In this top-down hack n' slasher, you play as an unnamed crow working for the Reaper Commission – based in some sort of afterlife office, reapers head through mysterious doors within their HQ to claim the souls of the recently-departed before returning them to the big boss crow who then sends the reapers back out to find some more. Your task turns out to be slightly less straightforward, though – on your very first mission, another crow steals your bounty, dooming you to age indefinitely until you wither and die unless you can get that soul back...

Death's Door transports you to an afterlife full of beautifully-drawn sights to take in, puzzles to solve (how to get to tricky to reach switches, finding a way to open a seemingly unlockable gate, that sort of thing), creepy monsters to fight and endearingly odd characters to meet. An early NPC, Pothead, has a campfire on his shoulders and a gigantic pot full of soup where his head should be, and seems both depressed and delighted by his predicament. He sort of perfectly sums up the game as a whole really - a bit kooky and eccentric but also slightly downbeat and oppressive at the same time.

What at first appears to be a straightforward and simple adventure soon turns into something much more intriguing and engrossing than you might have expected. Combat is fairly basic, upgrades to your character are minimal (they do exist, but there's not many to choose from) and you don't lose any progress when you die, which is a welcome touch (these days, you sort of automatically expect any game involving souls to be unnecessarily punishing), but it does still offer a decent amount of challenge. Your actions need to be carefully considered and executed at just the right time, especially when taking on two or more enemies at once – it's one of those games where when you die, it's always your own fault for getting carried away and not paying enough attention.

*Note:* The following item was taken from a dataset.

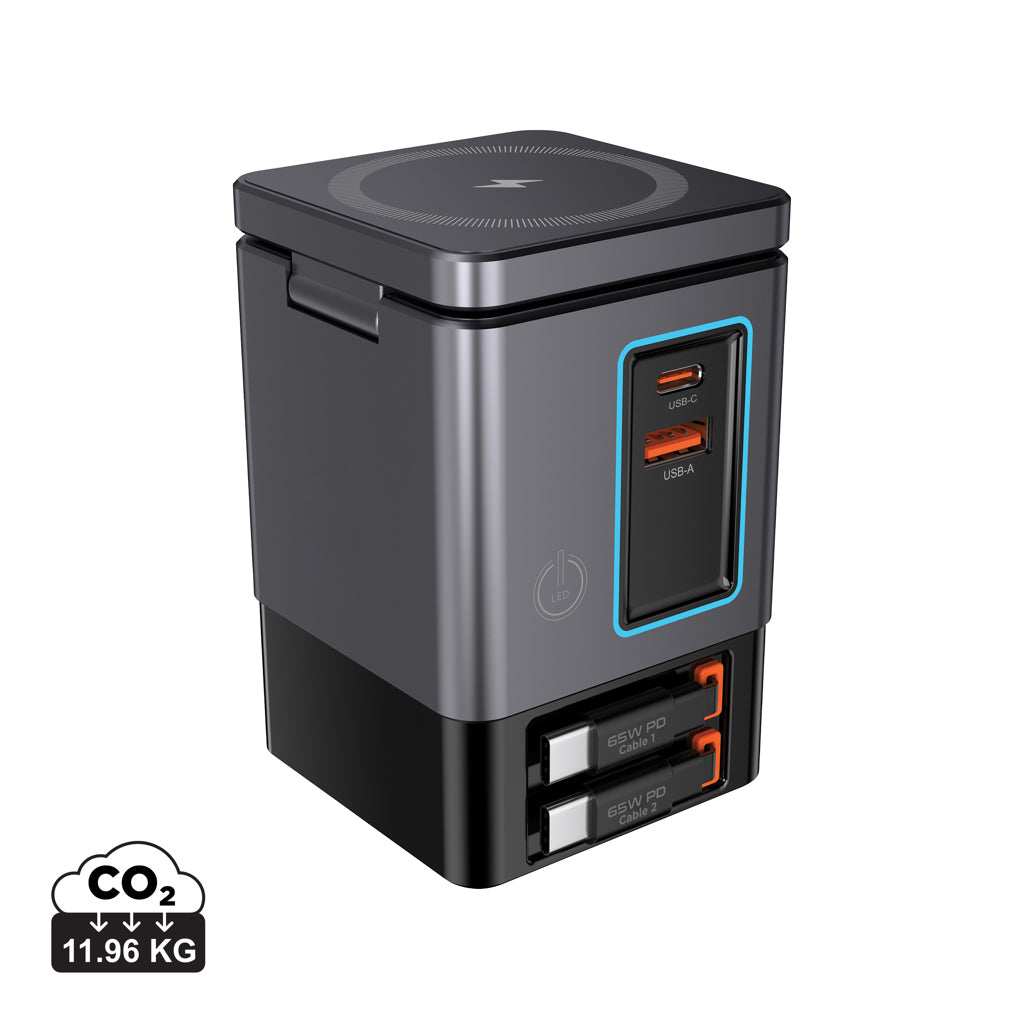Urban Vitamin Sacramento 105W GAN charger+retractable cables - Grey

A few outrageous difficulty spikes and checkpoints that are few and far between might cause a bit of frustration, but these ultimately force you keep trying until you master the game's mechanics, which in turn sets you up for the trials that lie ahead later in the game. Getting further into the game might be another potential source of upset – there's no in-game map, no journal or record of where you're currently going and no objective marker to aim for, so there may be points where you'll be wandering around trying to find your way for a little bit longer than you might like.

In many ways, Death's Door feels quite sparse when held up against similar games, but as a hand-crafted narrative adventure, it definitely hits a lot of the right notes. It's a bit like what you might end up with if Tim Burton turned his hand to directing a streamlined Legend of Zelda game, which is no bad thing at all.